— REQUIREMENT —
Among the entries below, only the lines from the one with "GLASS 385cc 6PCS SET - Image 1" through the one with "GOGLE LEATT VELOCITY" are to be retyped, exactly and without pictures.

==== MATERIAL SUPPLIED

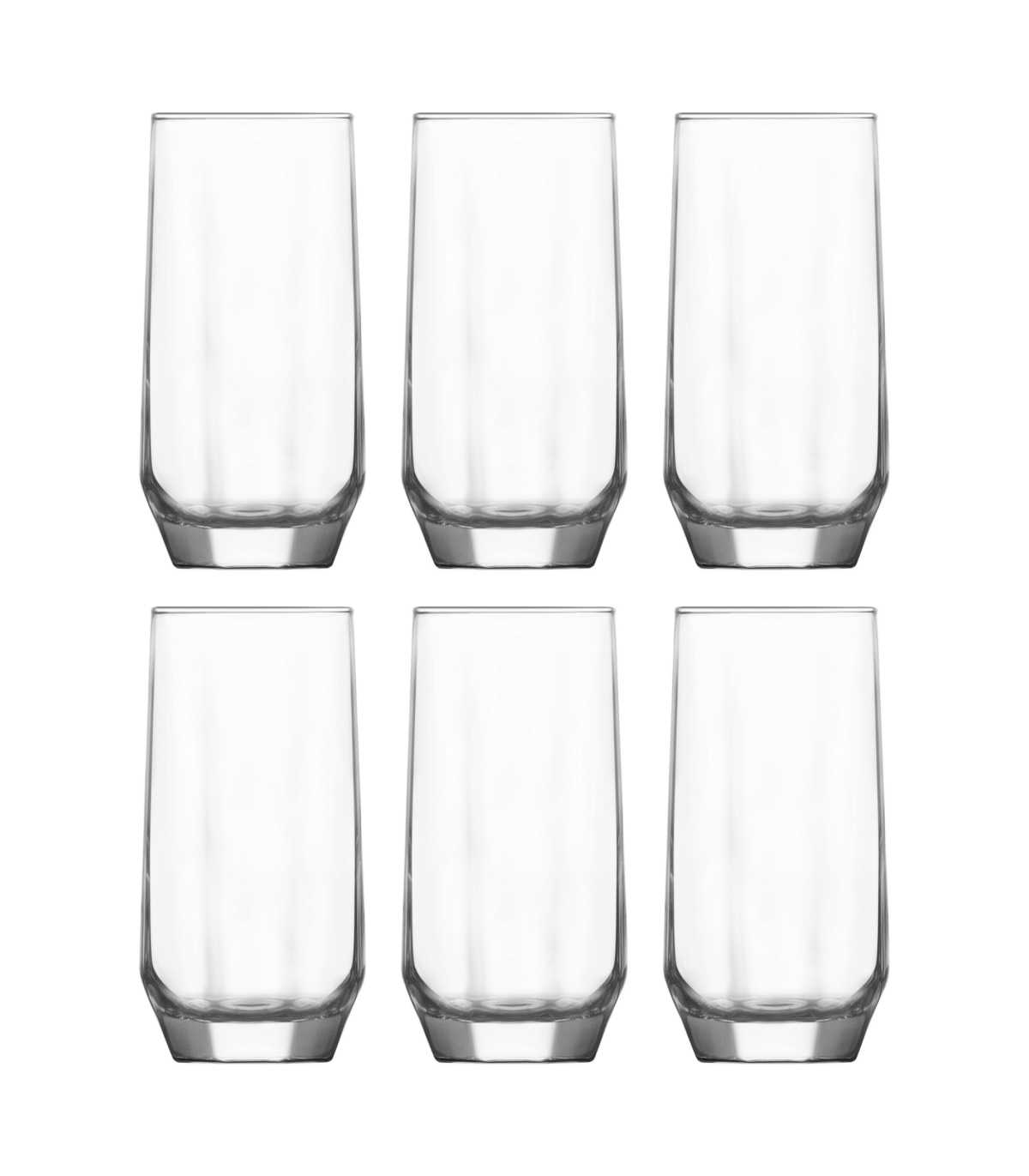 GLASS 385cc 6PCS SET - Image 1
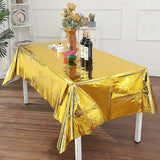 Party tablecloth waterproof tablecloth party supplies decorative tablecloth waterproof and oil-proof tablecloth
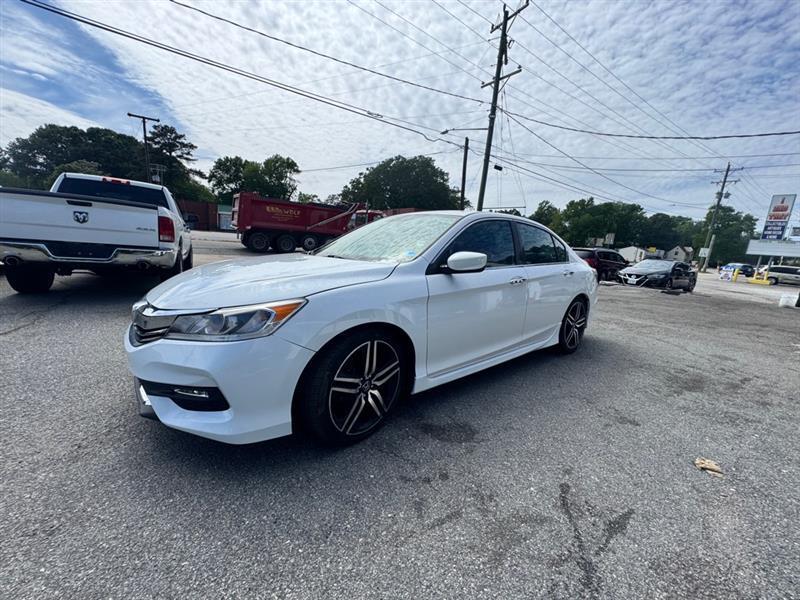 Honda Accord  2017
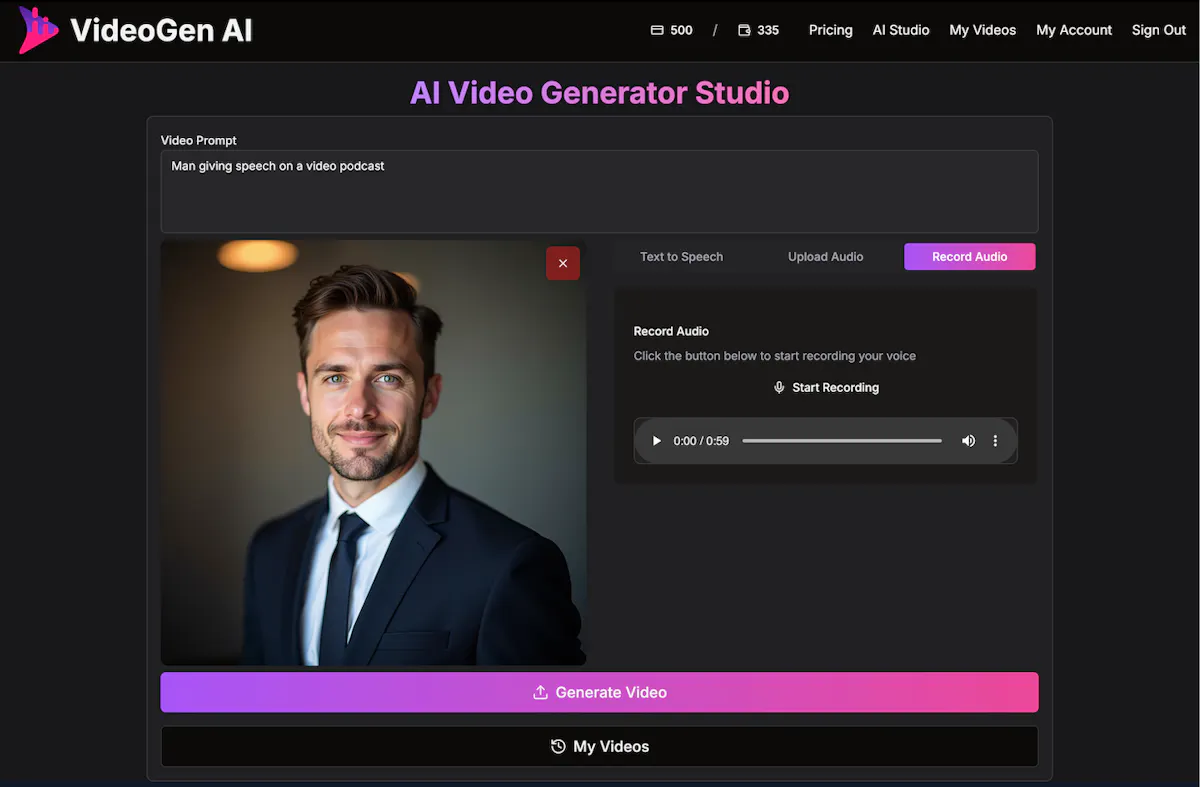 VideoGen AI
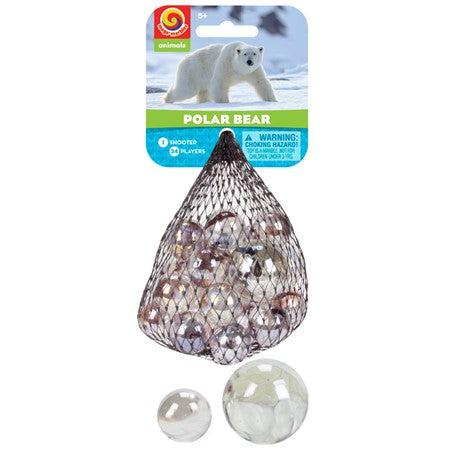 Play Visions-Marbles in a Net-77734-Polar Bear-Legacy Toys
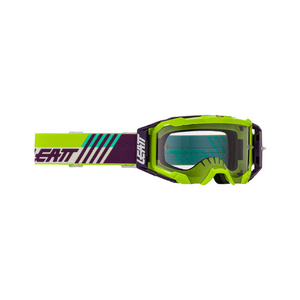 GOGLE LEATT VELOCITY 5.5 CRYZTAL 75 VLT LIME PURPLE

========
==== MATERIAL SUPPLIED

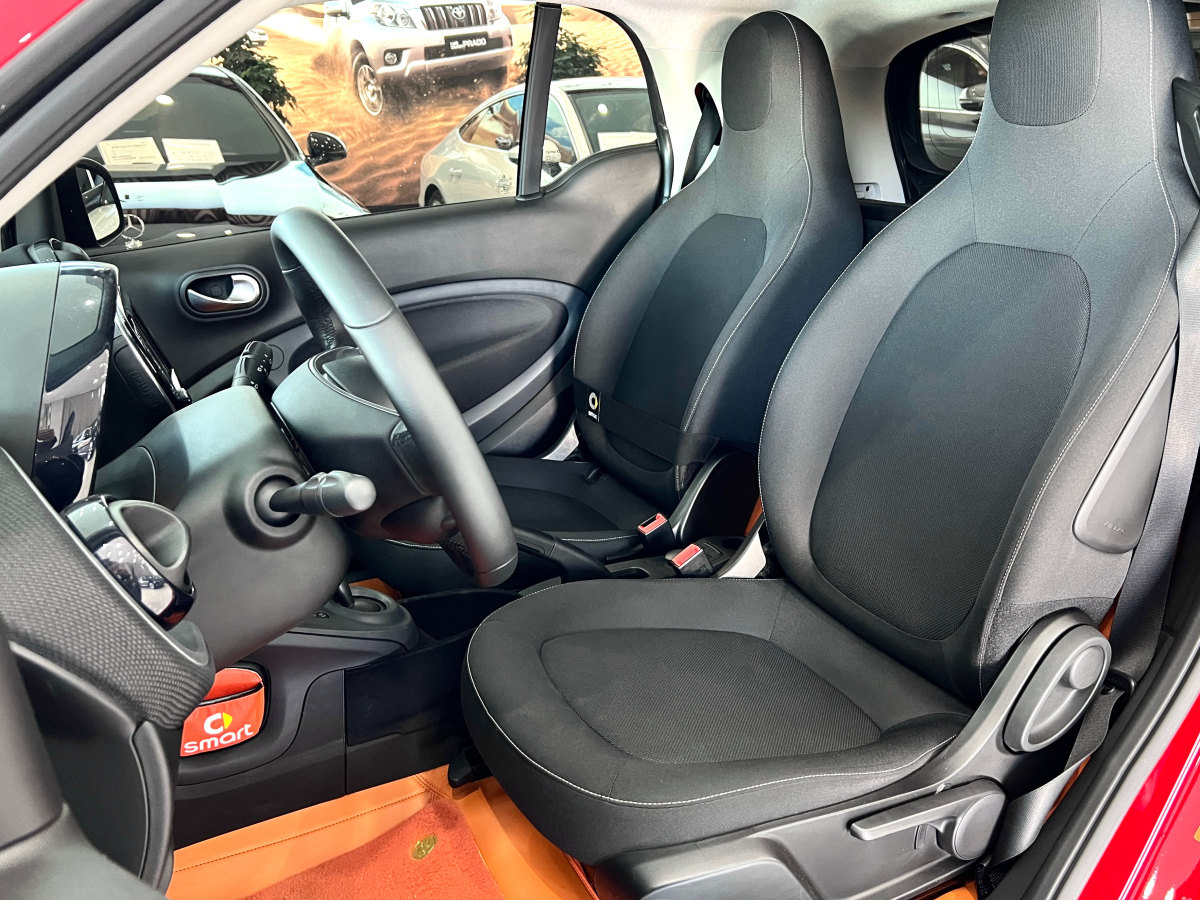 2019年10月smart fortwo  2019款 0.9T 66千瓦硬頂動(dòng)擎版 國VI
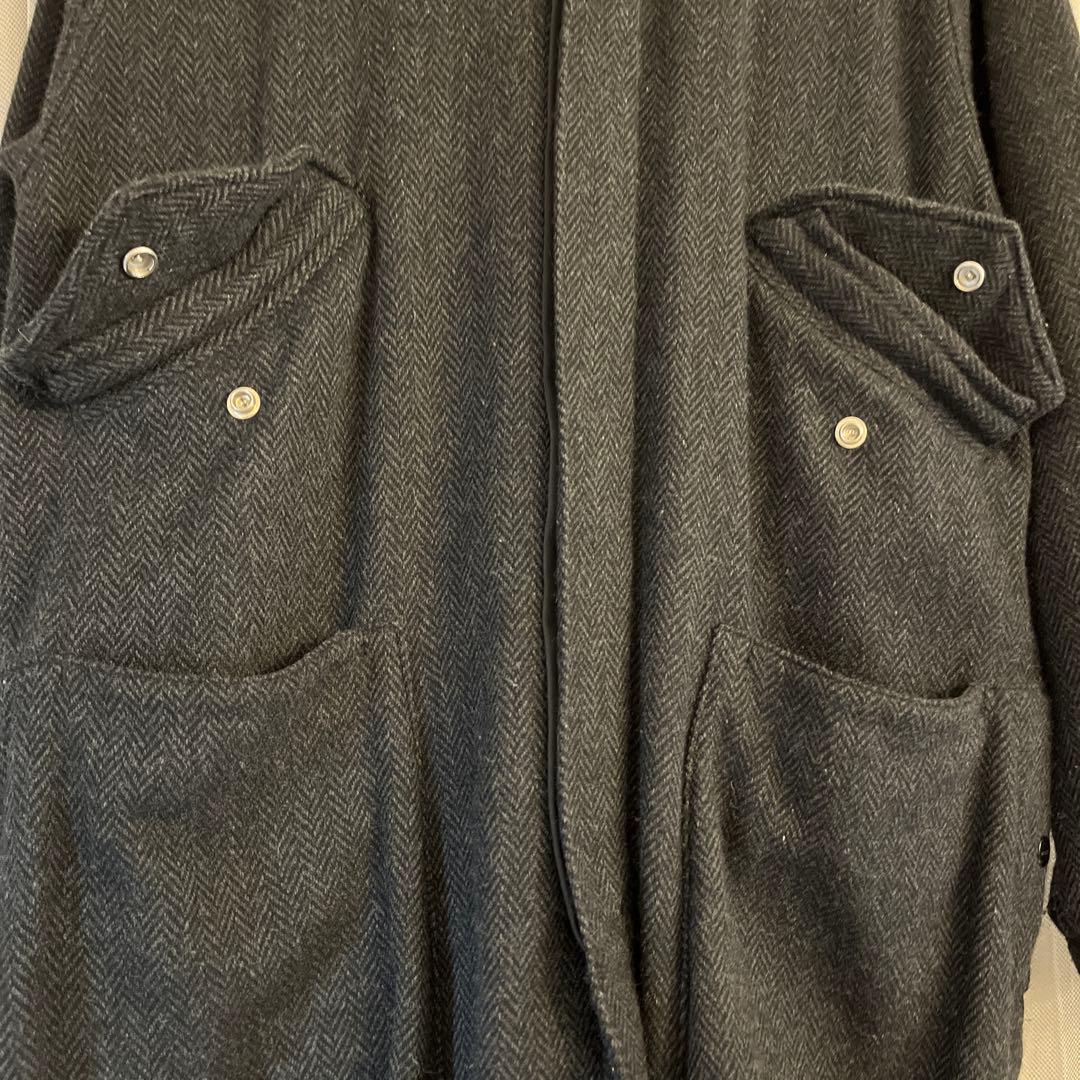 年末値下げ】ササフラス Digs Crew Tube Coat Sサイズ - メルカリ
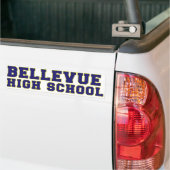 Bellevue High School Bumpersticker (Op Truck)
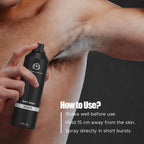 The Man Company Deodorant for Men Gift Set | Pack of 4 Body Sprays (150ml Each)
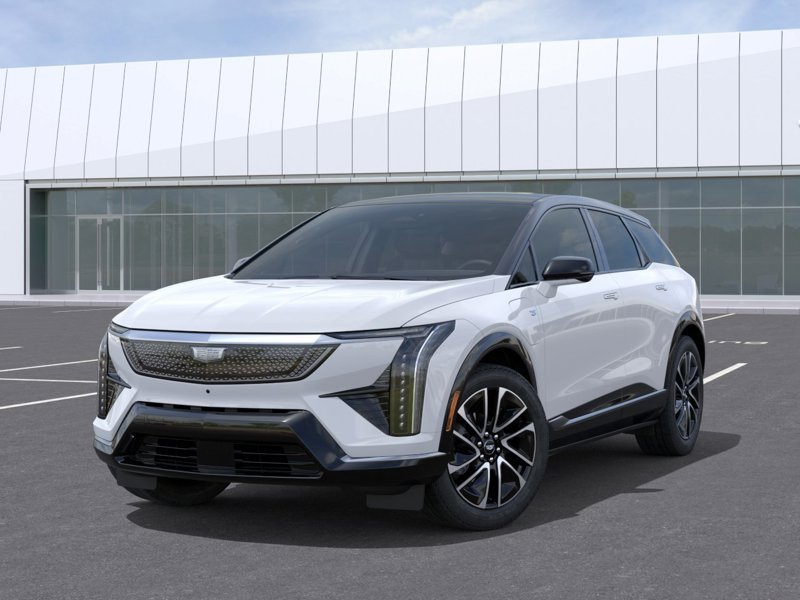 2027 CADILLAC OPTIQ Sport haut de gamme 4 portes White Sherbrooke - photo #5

========

— SOLUTION TO THE EXERCISE —
 GLASS 385cc 6PCS SET - Image 1
 Party tablecloth waterproof tablecloth party supplies decorative tablecloth waterproof and oil-proof tablecloth
 Honda Accord  2017
 VideoGen AI
 Play Visions-Marbles in a Net-77734-Polar Bear-Legacy Toys
 GOGLE LEATT VELOCITY 5.5 CRYZTAL 75 VLT LIME PURPLE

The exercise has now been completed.